Sous le signe de la corde et de la croix…

Ouvrage de vengeance et de violence(s), Bravados (King, 1958) dialogue à distance avec Un justicier dans la ville (Winner, 1974) et Taxi Driver (Scorsese, 1976). Comme Kersey, Douglass aboutit à une impasse ; comme Bickle, il connaît la gloire sur le tard. Mais bien moins abstrait, désincarné, que le Clint Eastwood de L’Homme des hautes plaines (1973) et Pale Rider (1985), plus croyant que les précités architecte et vétéran, il va devoir désormais vivre avec le souvenir de sa culpabilité décuplée. Si Carrousel (King, 1956) attribuait au protagoniste en plein péché, puisque suicidé, une seconde chance de bienveillance, Bravados duplique presque à l’identique le traumatisme initial, à savoir viol suivi d’homicide, dispense du pardon et prodigue la damnation. Au terme de sa traversée aveuglée de l’Enfer sur Terre, où la nuit américaine technique devient vite métaphysique, éclaire sur la nuit de l’Amérique nordiste, l’ange exterminateur, obsédé tueur coupable aussi d’erreur(s), de western non plus urbain, plutôt de terrain, finit au sein d’une église, à proximité de la prison, y fait son examen de conscience in extremis, son mea maxima culpa avant de recueillir de la foule locale les vivats.
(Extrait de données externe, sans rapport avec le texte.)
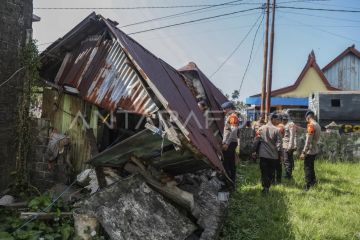 Rumah rusak terdampak gempa di Sulawesi Utara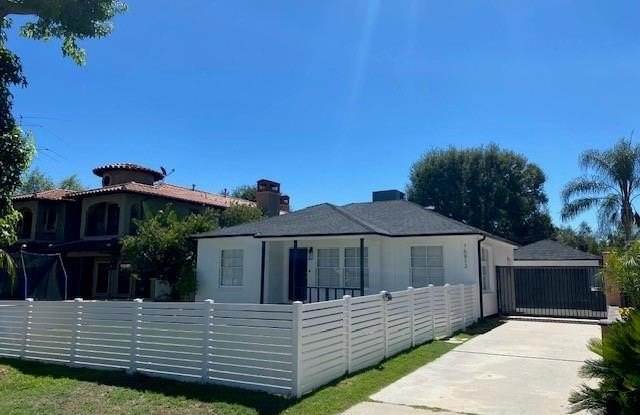 16812 Addison Street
Ni Sisyphe de l’autodéfense à la Bronson, ni bombe à retardement et au volant de l’ultime plan à la De Niro, l’impeccable Peck interprète avec une difficulté d’acteur avouée, dépassée, un époux et un père perturbé, une mémésis sans pitié. Mal orienté, davantage désorienté, via un voisin malsain, vrai violeur/voleur de meurtrier faux témoin, prospecteur luciférien, il débarque en petite ville puis traque aux grands alentours ceux, croit-il, responsables de la mort affreuse de sa femme. Hélas, lucidité d’artiste en partie de l’imagerie spécialiste, de cinéaste d’éducation méthodiste converti au catholicisme, les sentiers de la pendaison ne conduisent vers la rédemption, prédisposent à la perdition.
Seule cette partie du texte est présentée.